Saturday, May 3, 2014

3 weeks to go. Transition to taper.

      So now with only three weeks before Blackfoot it's time to have the age old debate. How much rest (taper) does one need going into a 100K ultra marathon? A friend of mine (also running the Blackfoot100) and accomplished ultra runner believes he only needs 7-10 days to feel fresh and spry on race day. He also feels he can race well with only one or two weeks between intense efforts at ultra races. But let's face it, he is an absolute beast and I have always respected his toughness. Myself on the other hand find that I need 2-3 weeks of taper before a high intensity ultra and at this year's Blackfoot I will be running on a 2 week taper. The reason for 2 weeks and not 3 is that on May 10 a group of friends and I will be running the r2r2r (Grand Canyon), an absolute bucket list run with around 2 miles of elevation over 75K. If I can sit back and try not to run with the big boys, but instead coast the canyon then this run should be the ideal training for Blackfoot. Otherwise if I go too hard I risk not recovering in time for race day.

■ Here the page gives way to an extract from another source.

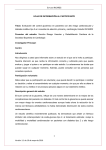 Modelo HI-CI RiCARD2  - Sociedad Española de Cardiología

       Upon taper time you've got to just trust your training and know you've taken the necessary means to prepare yourself for the day's challenges. They say in a marathon the taper is uber important but I think in ultra running it's extremely important. Showing up on race day with a full tank of gas and itching to get out there sure counters the nervous emotions. I think the mistake most make when tapering is thinking they didn't get enough in. Anyone who has run Blackfoot knows very well that the hills play a major hurdle in the later half of the race. Two years ago I made the mistake of running too many hills in the weeks approaching Blackfoot. The first two laps went very well, whereas upon the third loop the wheels came off and I bonked big time around the 60K mark (in a 100K race that's way too early to suffer). At the time, I thought it was salt or fuel but later I concluded it was due to too many hills too close to the race. The same happened last year during the Blackfoot 50M. I raced the Elk Beaver 100K and thought I'd be fine for 50M in two weeks time. At the 65K, like a drop kick to the solar plexus I was reminded that 2 weeks wasn't enough recovery time for this old body.

       We are all different and optimally perform on a unique set of variables and I believe we all have this innate ability to sense what our own body needs. Ultra running is a mentally challenging sport but maybe even more so is the tapering process. Listen to your body, learn from the past, be weary of advice you receive but be patient with those who supply it.